Properties of Oil Palm (Elaeis Guineensis Jacq.) Empty Fruit Bunch Fibres-Polypropylene Composites

The technical viability of using oil palm empty fruit bunch (EFB) fibres as fillers and/or reinforcements to polypropylene was investigated. The effects of moisture content (MC), fibre size, fibre loading, concentration of maleated polypropylene (MAPP), modes of electron beam (EB) irradiation, types and concentration of reactive additives (RAs) on the physical, chemical, morphological, mechanical, dimensional stability and thermal properties of EFB-PP composites were investigated. EFB-PP composites were prepared from thermomechanically pulped EFB fibres and PP by melt-mixing them using a Brabender Plastic Corder PL-2000- 6 at 180°C and compressing them in a hot-and-cold press machine. Properties of the composites were tested using ASTM standards. Results were subjected to Analysis of Variance (ANOVA) and Student-Newman-Keuls (S-N-K) multiple comparison of means. The influence of the initial MC and sizes of EFB fibres on the properties of the EFB-PP composites were not so Significant, although, the mixing torque of blends were affected where higher Me and longer fibres gave higher mixing torque. The effects of different fibre loadings and concentrations of MAPP, however, were noteworthy.
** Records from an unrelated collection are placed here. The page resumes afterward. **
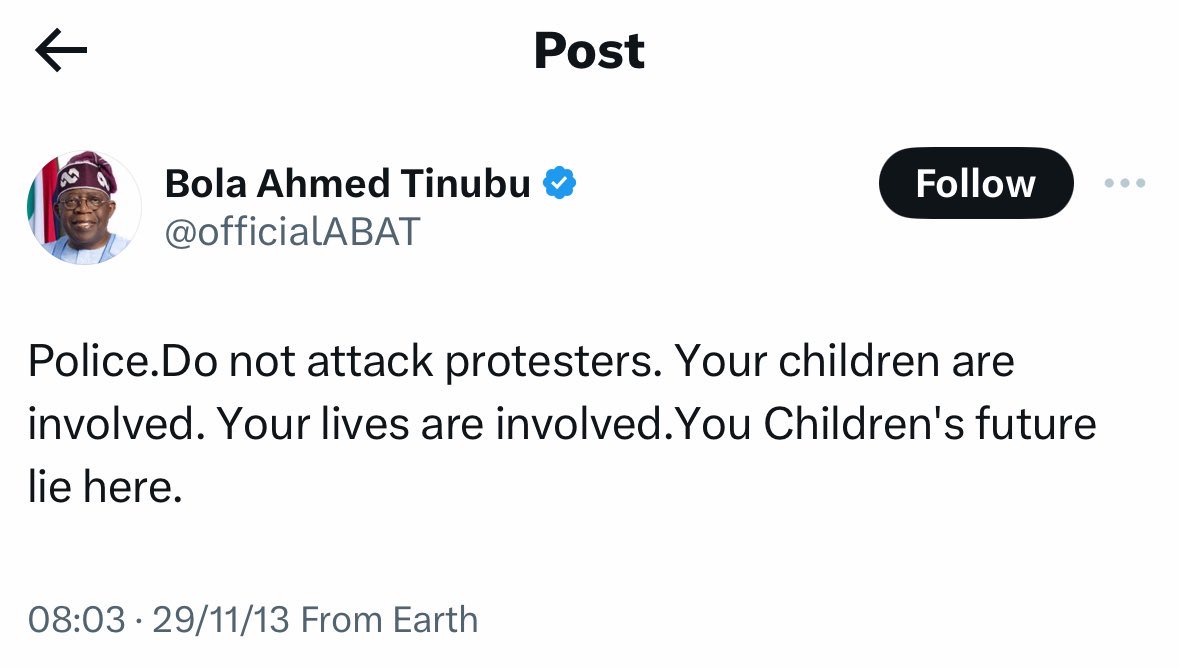 kunmydrey's tweet photo. Bola Tinubu encourages Nigerians to hit the Streets  and protest. https://t.co/P0RSoandT0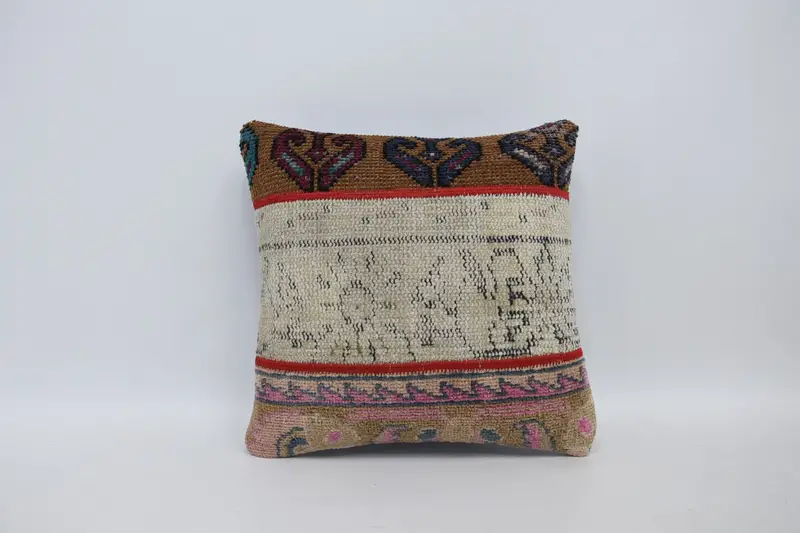 Turkish Rustic Cushion, Wool Antique 16x16 inch Beige Pillow Case - 1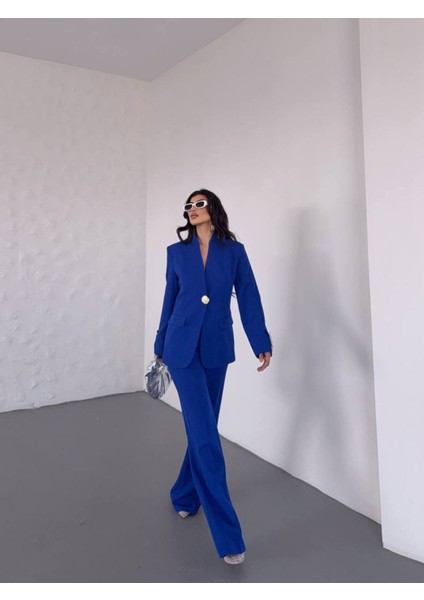 Kadın Gold Kurabiye Düğmeli Blazer Ceket Palazzo Pantolon Takım Elbise modelleri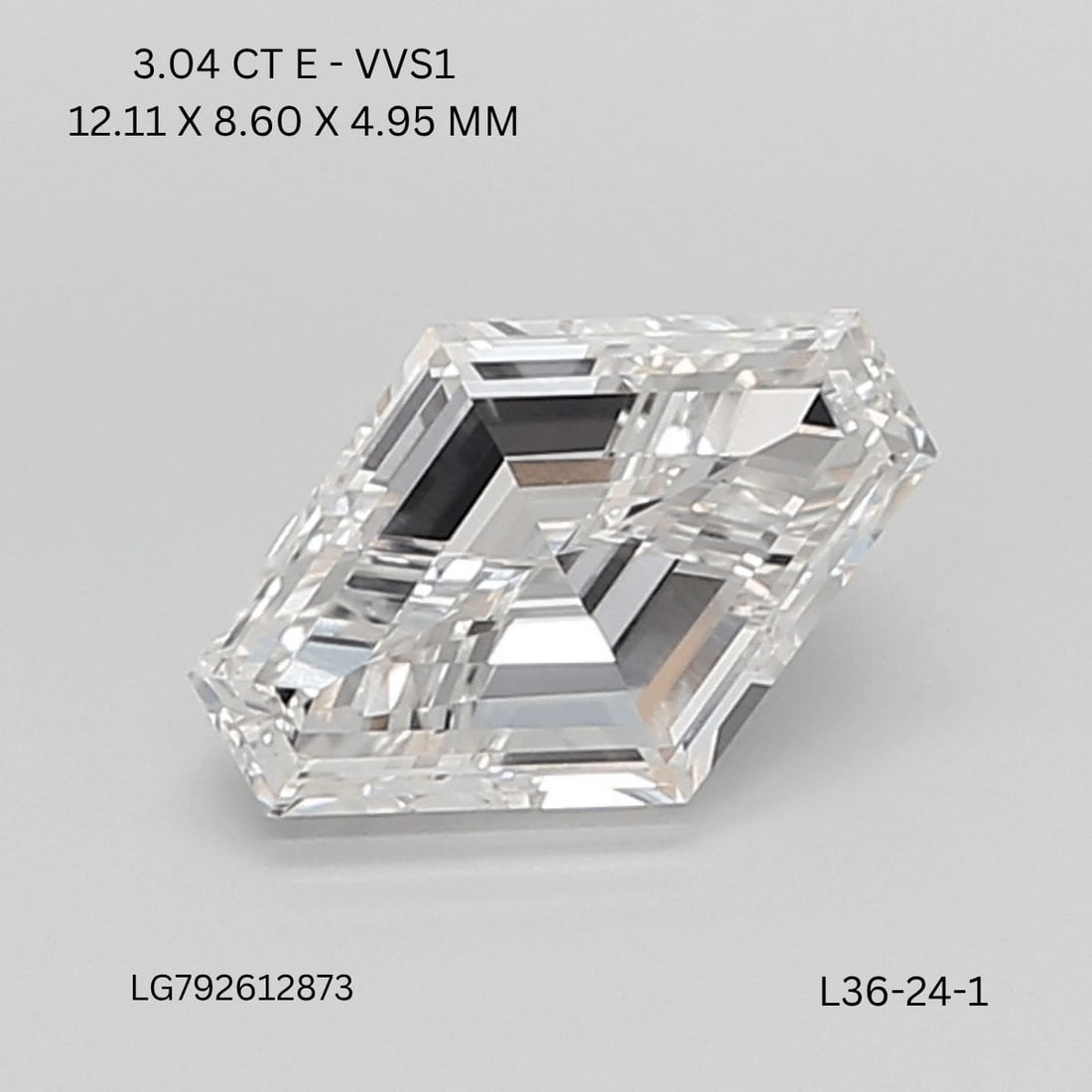 Loose Diamond - LOZENGE 3.04ct E VVS1 (1 of 1)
The mixing torque increased with increasing fibre loading up to 50% fibres then decreasing at higher loadings. The melt flow rate (MFR) Of the composites reduced extensively with the addition of fibres and no flow was observed above 50% fibres. The density and Me of the composite boards also increased with increasing fibre content. The tensile and flexural strengths of the composites decreased with increasing fibre loading along with elongation at break and hardness while tensile and flexural modulus increased significantly. Their impact strengths increased for notched specimens while it decreased for the unnotched specimens. Water absorption and thickness swelling increased tremendously with the addition of more EFB fibres in the composites. Addition of MAPP caused a reduction in the mixing torque of the composite blends and an increase in the MFR of the composite melts. Two-percent MAPP, the optimum level of coupling agent addition, caused an increase in the density and Me of the boards, reduced fibre breakage during compounding, and improved most of the properties.